Many methods for MT evaluation have been employed. There are metrics that focus on the MT output evaluation, such as BLEU [18], METEOR [4], TER [24] and WER [25]. BLEU score is maybe the most famous and widely-used metric in MT evaluation. The closer an MT output is to the professional translation, the higher the BLEU score is. The BLEU score suffers from several shortcomings i.e. it doesn’t handle morphologically rich languages well and it doesn’t map well to human judgements. Several other metrics, that address these issues, are used, such as METEOR. The METEOR score has a good correlation with human judgement at the segment level. It is based on the alignment between the MT outputs and the professional translation. Alignments are based on synonym and paraphrase matches between words and phrases. The translation error rate (TER) and word error rate (WER) are other commonly-used metrics. They are based on the matching of the MT outputs with the professional translation. They measure the minimum number of edits needed to change the original output translation into the professional translation. Other metrics focus on performance evaluation. In some studies [15, 17], parallel corpora are used and showed that certain string-based features, e.g. the length of the segments, and similarity-based features e.g. the ratio of common suffixes shared between the MT outputs and the reference, could improve the MT system performance. They considered the task as a classification problem and they used Random Forest (RF) as classifier.

NMT can potentially perform end-to-end translation, though many NMT systems are still relying on language-dependent pre- and post-processors, which have been used in traditional SMT systems. Moses [11], a toolkit for SMT, implements a reasonably useful pre- and post-processor. Α language dependent processing also makes it hard to train multilingual NMT models.
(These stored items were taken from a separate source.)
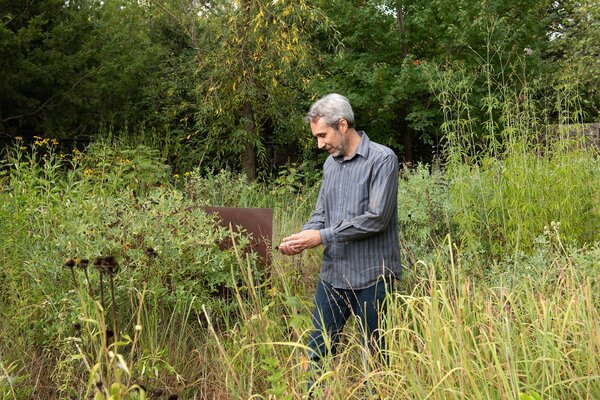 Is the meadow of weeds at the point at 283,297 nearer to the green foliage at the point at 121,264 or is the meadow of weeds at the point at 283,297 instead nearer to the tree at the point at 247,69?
the green foliage at the point at 121,264

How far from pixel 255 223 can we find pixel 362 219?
126cm

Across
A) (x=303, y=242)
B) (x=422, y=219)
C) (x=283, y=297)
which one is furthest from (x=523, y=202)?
(x=303, y=242)

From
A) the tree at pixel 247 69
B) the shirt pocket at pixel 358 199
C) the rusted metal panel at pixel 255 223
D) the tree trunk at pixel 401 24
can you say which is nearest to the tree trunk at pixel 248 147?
the tree at pixel 247 69

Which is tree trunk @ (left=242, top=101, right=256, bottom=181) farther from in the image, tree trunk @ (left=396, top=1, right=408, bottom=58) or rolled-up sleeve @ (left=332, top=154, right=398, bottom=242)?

It is important for the NLP community to develop a simple, efficient and language independent framework for automatic MT evaluation. A few studies have been reported using learning frameworks. Duh [5] uses a framework for ranking translations in parallel settings, given information of translation outputs and a reference translation. This study showed that ranking achieves higher correlation to human judgments when the framework makes use of a ranking specific feature set and of BLEU score information. They have tested the framework performance using Support Vector Machine (SVM). Another important work is presented by [7] who used syntactic and semantic information about the reference and the machine-generated translation as well, by using pre-trained embeddings and the BLEU translations scores. They used a feedforward neural network (NN) to decide which of the MT outputs is better. A learning scheme to classify machine-generated translations using information from numerous linguistic features and hand-crafted word embeddings from two MT outputs and one reference translation is presented from [16]. They used a convolutional NN to choose the right translation among two provided.
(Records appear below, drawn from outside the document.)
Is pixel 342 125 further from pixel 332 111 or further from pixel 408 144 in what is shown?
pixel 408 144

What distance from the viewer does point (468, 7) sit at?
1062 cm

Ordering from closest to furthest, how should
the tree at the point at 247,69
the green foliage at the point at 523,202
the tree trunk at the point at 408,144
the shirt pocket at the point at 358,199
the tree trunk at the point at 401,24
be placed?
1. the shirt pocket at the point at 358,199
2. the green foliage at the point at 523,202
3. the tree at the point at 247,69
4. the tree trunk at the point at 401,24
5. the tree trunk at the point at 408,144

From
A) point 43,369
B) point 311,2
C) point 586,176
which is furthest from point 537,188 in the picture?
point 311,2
In this paper, we introduce a learning schema, for evaluating MT, similar to that of a preliminary study [16], but we extend it to a new level, both in terms of number of feature and their representation and learning framework as well.

Compared to that study, the present approach includes the following novelties:

  • the utilization of a deeper NN architecture. More hidden layers and different types were tested (Dense and LSTM layers).

  • the inclusion of an NLP metric set (BLEU score, METEOR score, TER, WER).

  • the use of the linguistic information from the SSE in EN. 18 string-based features were calculated and used as an extra input to the DL architecture.

  • the accuracy exploration of different inputs to the hidden layers (the NLP set and the string-based features).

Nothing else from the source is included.